I am retired and still relatively young (58) and healthy. I'm probably in my shop 2 -3 hours each day on average. I spend more time in the shop as we approach Christmas and a little less time in the shop during the summer when there are things to do outside.


----------



## lumberdustjohn (Sep 24, 2009)

I work and so does my wife away from home. My wife doesn't get home from work as early as I do. So I can have an hour or so to do what I want until dinner time. I try to schedule most of my projects during the winter. During the summer we like to take off for country drives.


----------



## NathanAllen (Oct 16, 2009)

I try for 2-3 hours per night during the week and 4+ on Saturday and Sunday. Despite that I'm very slow, been working on a mobile combo kitchen cabinet for 3 weeks and still haven't done final assembly.


----------



## Rasta (Dec 22, 2008)

I am a concrete finisher and don't work in the winter (I am still not working) so as much as I want during those months, when I work I get maybe 1 hour a night and 8-10 hours on the weekend, if I am not working.


----------



## DaddyZ (Jan 28, 2010)

As much as possible usually an hour or two in the evening, as much as possible on weekends


----------



## mafe (Dec 10, 2009)

I spend way too much time on LJ to have any time left for the workshop!
No just kidding, but I think for the moment I spend more time on LJ, than in the shop…
I'm trying to get a retirement after a bad operation in my neck, so I have two arms, and a neck that are in control of my hours, right now, I think it gets to app 2 hours a day in avarage, but I have spend a lot of this time to do the workshop, since I just moved, and my financial situation are not unlimited.
I will love to spend more time - more time with the wonderful sound of a plane cutting, and the smell of freshly cut wood.


----------



## Chipncut (Aug 18, 2006)

Being retired, I'm free as to the amount of time I spend in the shop, but I usually spend about 3 to 4 hrs during the day, unless it's a project that really needs to be done right a way, then I'll spend more time than that. 
Barb, & I spend our evenings together in the house.


----------



## NH_Hermit (Dec 3, 2009)

It sounds to me like there are two types of people here - retired and not retired. Life is about the same for everyone in those two camps.

As for me, I'm still in the second camp and spend about 50+ hours working, so my time in the shop is usually Saturday afternoons after the normal Saturday chores and errands have been done, and a few hours on Sunday.


----------



## MoreWoodPlease (Sep 17, 2009)

Sleep, Work, Make Sawdust, Spend Time With The Wife, Have A Glass Of Wine, Repeat…


----------



## buffalo689 (Mar 2, 2010)

Full time woodworker and stair railing installs..


----------



## fge (Sep 8, 2008)

This is an income for us, we make more at woodworking then I do with my full time job at the state. So I probably do about 25 to 30 hours.


----------



## kolwdwrkrsgirl (Sep 16, 2009)

Keith and I get out to the shop (garage) usually one or two evenings durring the week, and on weekends.

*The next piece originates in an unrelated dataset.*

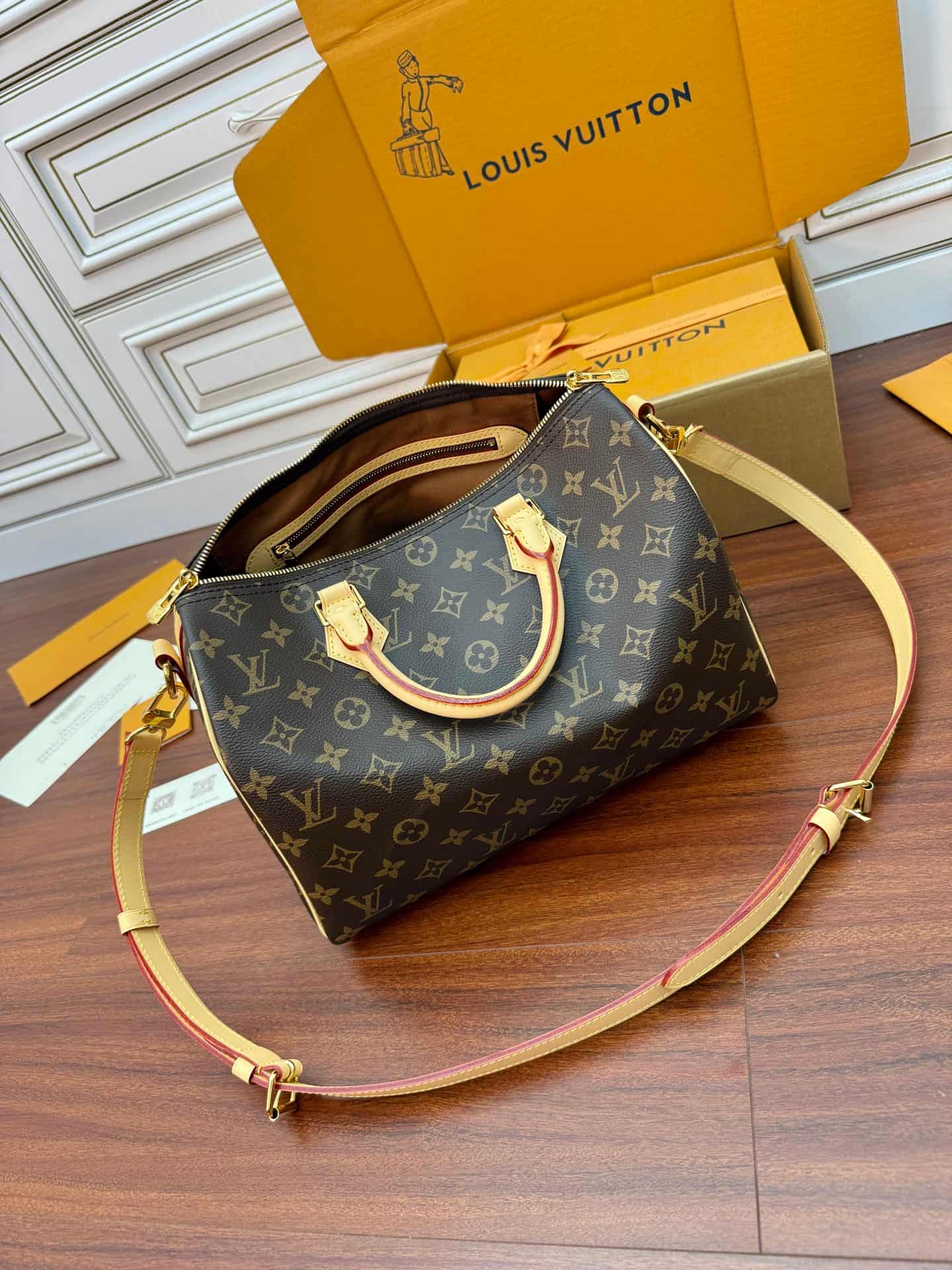 Louis Vuitton Speedy Bandoulière 30 Monogram coated canvas M46980 TOP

Durring the week I'm mostly poking in and out of there to see whatever Keith is working on inbetween fixing dinner, and taking care of the kids. Sometimes I try to start on something I'm making, but end up getting frustraited that I have to keep stopping because someone's calling "MOMMY!!!", or my dinner is starting to burn, or whatever the case might be….and I lose my creative train of thought.

We do enjoy our quiet weekend time out there though. My 2 kids go to their dad's, and Keith's daughter goes to her mom's….and we have the weekends basically alone to work on whatever we want. It's really nice! : )


----------



## KentS (May 27, 2009)

I spend about 45 minutes everyday before work. That doesn't seem like a lot , but with the right planning, you would be surprised how much you can get done. Then I spend a night or two a week in the shop, most Saturday afternoons, and 2 to 4 hrs Sunday evenings. All this is after working in our store over 50 hrs a week.

I used to put in about 60 hrs a week in my door shop. That being a very high pressure job, it makes me tired just thinking about it. Now my son does the same thing.


----------



## jockmike2 (Oct 10, 2006)

I'm basically retired, not by choice, but it comes down to how much I can take. Physically, sometimes I overdo it and then I can't do nothing for a few days. I'm the kind of person that once you start something you hate to quit till it's done. It's hard for me to find a balance, my wife knows, she can tell because my leg will start dragging or I'll get back spasms and when I do that, it puts me down and I have to stop what I'm doing because I can't move.


----------



## renners (Apr 9, 2010)

I work at this between looking after the children and running the home, so I spend as much time as is available to me to get the job done, 40+ hrs a week if the work is there. Don't want to upset the neighbours either so before 9am and after 9pm are usually out, so is Sunday. It's about priorities, if I have a deadline to meet, the dishes/dinner/hoovering, etc,. gets left for a bit. Sometimes get nagged a bit which is fine by me, I head off to workshop and get a bit done - or have a beer.


----------



## Tim_456 (Jul 22, 2008)

not enough..


----------